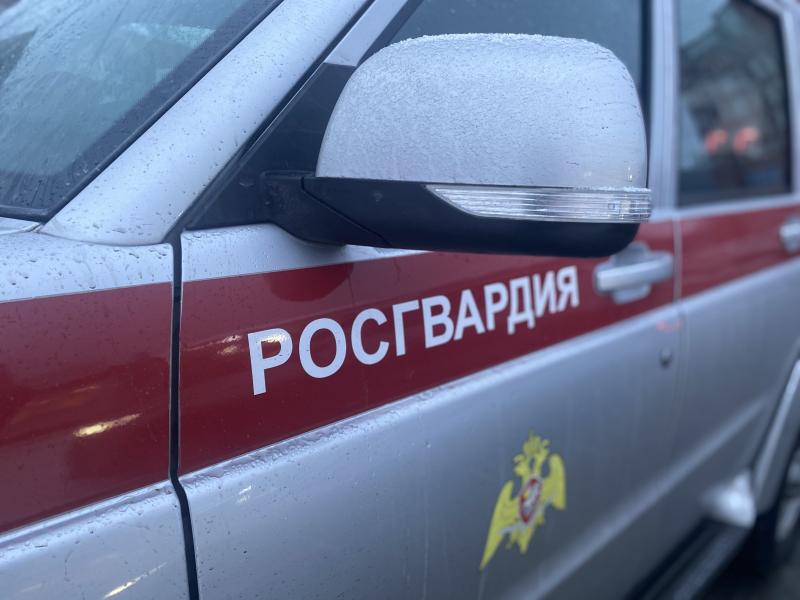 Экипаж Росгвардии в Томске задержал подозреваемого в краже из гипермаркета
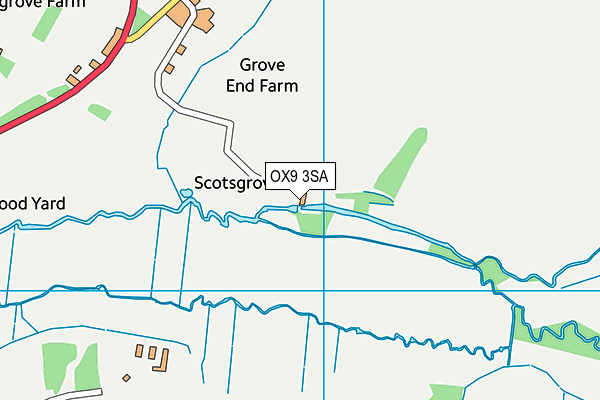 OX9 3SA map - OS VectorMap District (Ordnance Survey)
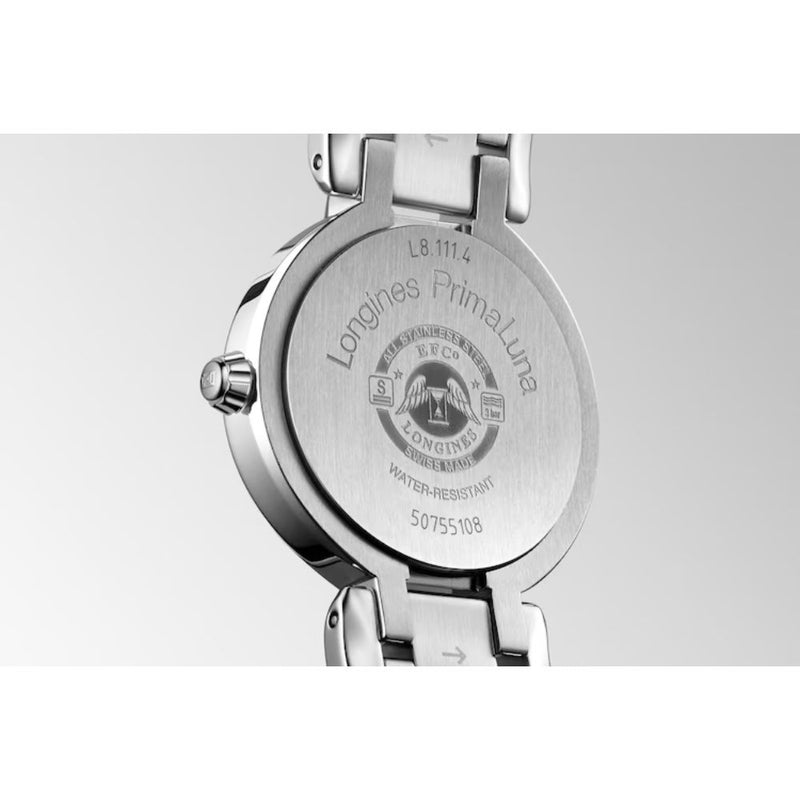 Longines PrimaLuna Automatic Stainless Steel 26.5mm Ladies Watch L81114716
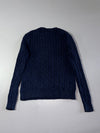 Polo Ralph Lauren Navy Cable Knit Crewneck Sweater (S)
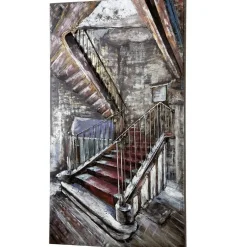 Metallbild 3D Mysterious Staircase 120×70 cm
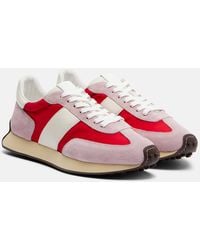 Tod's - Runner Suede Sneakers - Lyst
┄┄┄┄┄┄┄┄┄┄
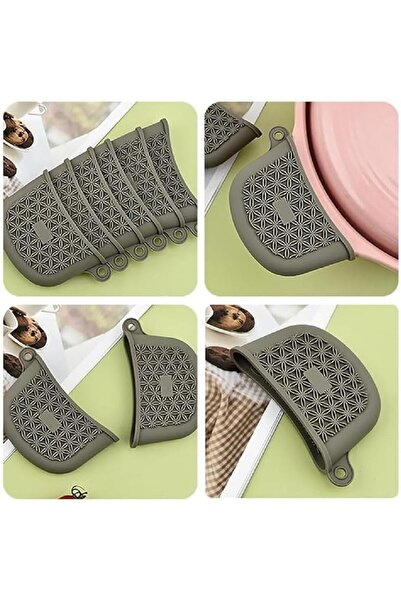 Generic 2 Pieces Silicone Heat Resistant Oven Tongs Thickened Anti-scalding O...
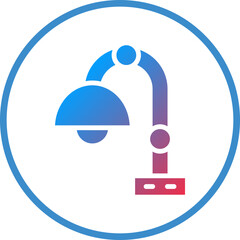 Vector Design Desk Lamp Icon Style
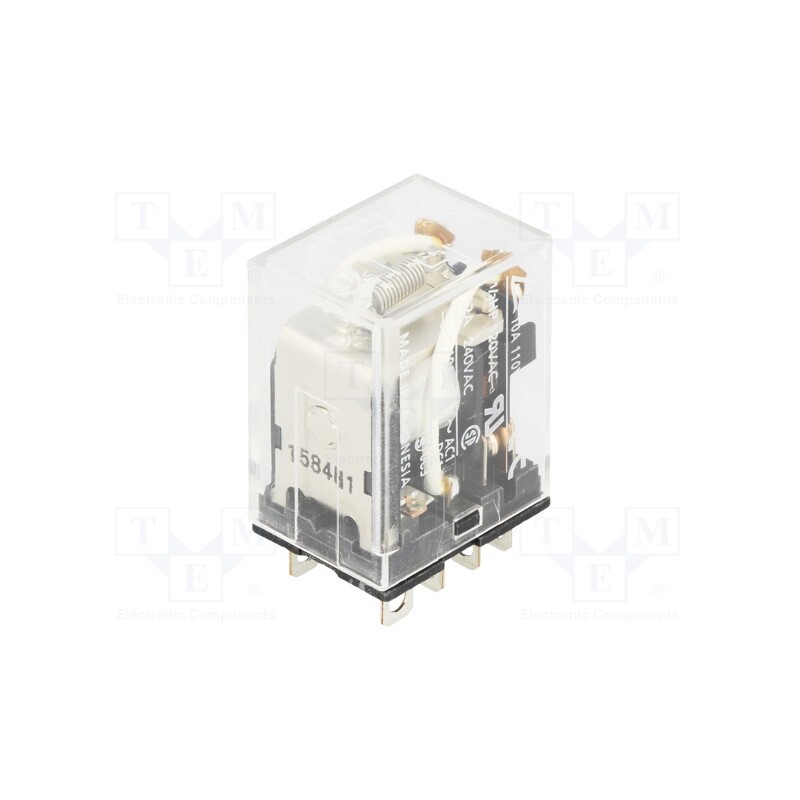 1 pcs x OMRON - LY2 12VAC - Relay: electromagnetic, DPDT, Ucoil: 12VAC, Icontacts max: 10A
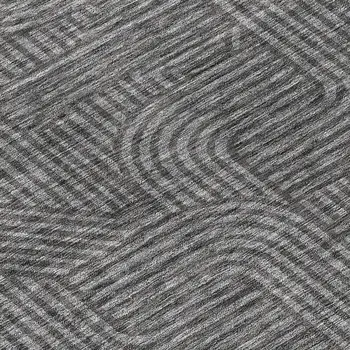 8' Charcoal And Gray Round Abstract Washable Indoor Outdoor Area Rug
┄┄┄┄┄┄┄┄┄┄
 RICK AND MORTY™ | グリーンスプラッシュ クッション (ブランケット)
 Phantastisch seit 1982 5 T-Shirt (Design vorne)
┄┄┄┄┄┄┄┄┄┄
### Goal of the exercise
Using the data above, set down each line from the line with "OX9 3SA map" to the line with "Tod's - Runner Suede Sneakers - Lyst" exactly, both ends included, and leave the pictures behind. Nothing else belongs.

### Your solution
 OX9 3SA map - OS VectorMap District (Ordnance Survey)
 Longines PrimaLuna Automatic Stainless Steel 26.5mm Ladies Watch L81114716
 Polo Ralph Lauren Navy Cable Knit Crewneck Sweater (S)
 Metallbild 3D Mysterious Staircase 120×70 cm
 Tod's - Runner Suede Sneakers - Lyst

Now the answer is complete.